Benefits of ley crops
All legumes can provide nitrogen supplementation. In general, legumes need phosphorus for nitrogen fixation, but are poor scavengers of it in the soil.

Legumes acidify the soil, which tends to make phosphorus less available to them. To combat this, farmers should plant more grass crops.

In large part, grass cover crops store and supply more phosphorus than legumes do because they have finer root systems and cover a greater surface area than legumes with their taproot [systems].

In a mixed legume/grass pasture, the legume cycles nitrogen to the grass and the grass cycles phosphorus to the legume. The use of grass in a rotational system can also limit soil erosion, he explains, adding that grasses have fibrous root systems to bind soil.

Some of the best grass cover crops are babala, forage sorghum, cereal rye, annual ryegrass, oats, wheat and barley. Other options include dolichos bean, cowpea, winter pea and Rhodes grass.

Fodder crops can also be used as natural herbicides and for weed suppression due to their allelopathic effects. The best varieties for these purposes are stooling rye, oilseed or tillage radish (Raphanus sativus), oats, barley, pearl millet and forage sorghum. Annual ryegrass, cereal rye and sorghum may be used for controlling soya bean cyst nematodes.

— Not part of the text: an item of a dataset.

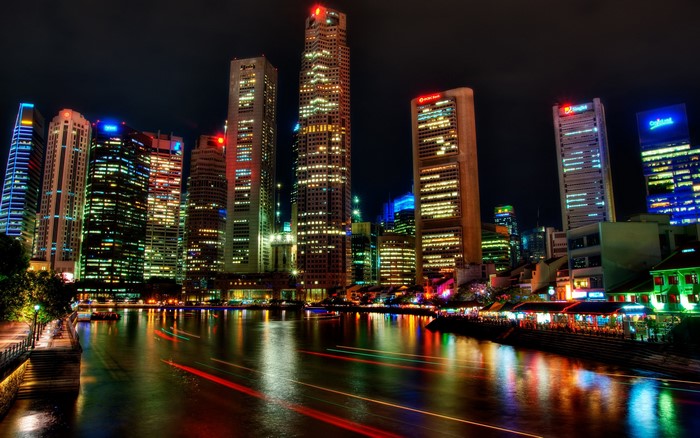 Singapore skyscrapers at night with river reflections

In wetter regions, farmers might want to consider crops that can tolerate wet soils, such as sweet and red clover, annual ryegrass, cereal rye, wheat and oats.

If a producer is looking for a crop that can tolerate soil salinity and control nematodes, he or she can consider Rhodes grass.

Those farmers who require heat-and drought-tolerant crops can look at dolichos bean, cowpea, hairy vetch (Vicia villosa), mung bean, sweet clover, sorghum, pearl millet, buckwheat (Fagopyrum esculentum), barley and teff (Eragrostis tef).

Varieties tolerant of cold conditions include cereal rye, oats, wheat, spelt, triticale, winter pea and sweet clover.

Seasonal ley crops
Annual winter-growing grasses that farmers can plant after maize include oats, stooling rye and triticale, as well as root crops such as Japanese radish (R. sativus var. Longipinnatus), forage rape (Brassica napus) and turnip (B. rapa subsp. rapa).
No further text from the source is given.